*** Dataset content
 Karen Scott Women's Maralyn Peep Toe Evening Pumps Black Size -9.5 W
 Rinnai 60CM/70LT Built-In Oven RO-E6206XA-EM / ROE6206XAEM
******
*** Dataset content
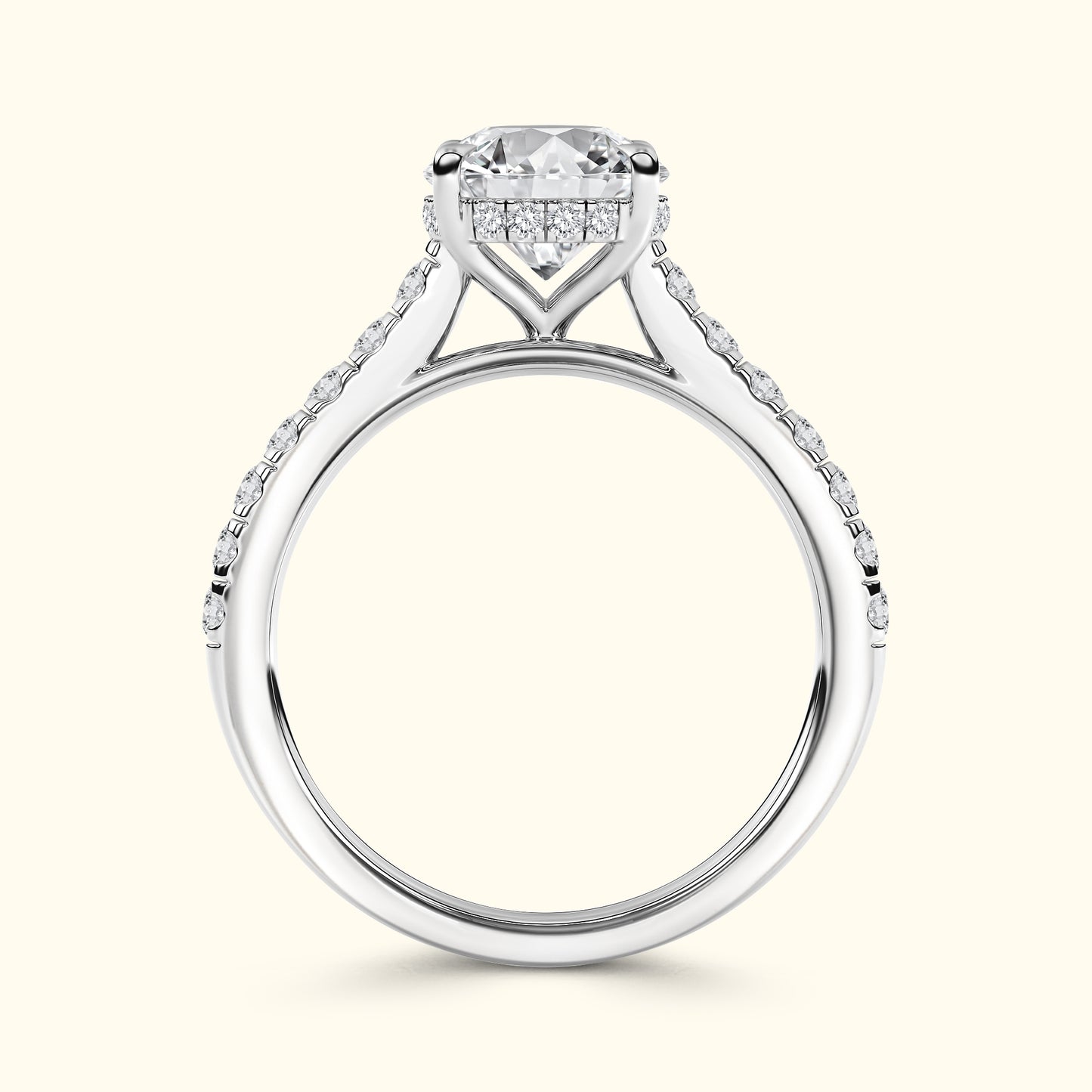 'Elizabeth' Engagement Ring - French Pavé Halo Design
******
Task to carry out
From the records above, print only the lines between the one holding "Karen Scott Women's" and the one holding "Rinnai 60CM/70LT Built-In", inclusive, exactly as they stand.

Answer to this problem
 Karen Scott Women's Maralyn Peep Toe Evening Pumps Black Size -9.5 W
 Rinnai 60CM/70LT Built-In Oven RO-E6206XA-EM / ROE6206XAEM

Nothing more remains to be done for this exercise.